Une bonne communication ne se contente pas de toucher le raisonnement de son interlocuteur, elle va le bousculer sur le terrain des émotions et du ressenti. La joie, la tristesse, l’envie d’ailleurs, la nostalgie, la jalousie sont tout autant de flèches qui viennent frapper le coeur du consommateur.
La provocation ne laisse jamais indifférent. Elle va faire sourire, réfléchir ou agace mais il y aura toujours un retour.
Sommaire
C’est dans nos gênes !
Certaines marques en ont fait leur ADN. On citera évidemment Benetton qui a produit un grand nombre d’affiches publicitaires, sans qu’aucun de ses produits ne soit affiché, en misant simplement sur un message subversif. Au début des années 80, les affiches Benetton sont très colorées, jouant sur les racines ethniques, les drapeaux et l’anti-racisme. Nous sommes alors dans les années « Touche pas à mon pote ». Peu à peu, les vêtements de la marque disparaissent pour ne plus miser que sur un message de tolérance.
Un tournant est marqué au début des années 90, notamment avec une campagne qui se verra interdite en Italie montrant un prêtre embrassant une none. Le message s’oriente désormais vers des sujets d’actualité. Misant tour à tour sur la nudité, la différence, le sexe ou la religion, Benetton abordera le Sida, le racisme, la guerre ou le handicap.
En 2011, alors que la marque a amorcé un déclin, une nouvelle campagne nommée « UnHate » voit le jour, montrant plusieurs personnalités s’embrasser, dont un baiser homosexuel entre le Pape Benoît XVI et l’imam sunnite de l’université égyptienne Al-Azhar, Ahmed el Tayyeb. C’est un déluge de protestation qui s’élève face à la marque. Le Vatican parle même de poursuites pénales. Devant ces menaces, Benetton retire ce montage photo et présente des excuses. Cette campagne sera même jugée vulgaire et pathétique par Oliviero Toscani, l’ex-photographe (depuis 1983 !) de la marque et pourtant auteur d’un grand nombre de campagnes sulfureuses.
Si cette série d’affiches lui a permis de revenir sur le devant de la scène médiatique, et dans l’esprit des consommateurs, il n’est pas certain que le capital sympathie de Benetton s’en soit vu amélioré (ni ses parts de marché). Mais une marque est-elle légitime en tant qu’acteur social et politique ? D’autant qu’elle a intérêt à être irréprochable sur ces plans de son côté.

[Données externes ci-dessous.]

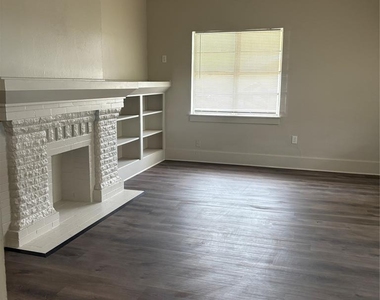 1726 Nw 38th Street - Photo Thumbnail 2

Se démarquer pour survivre
La rentrée journalistique de septembre 2014 est marquée du sceau du remaniement politique. Suite à un week-end agité par Messieurs Montebourg et Hamon, nous débutons cette semaine par l’échec du gouvernement de Manuel Valls et ce mardi seront annoncés ceux qui devront retrousser leurs manches pour attaquer cette rentrée difficile.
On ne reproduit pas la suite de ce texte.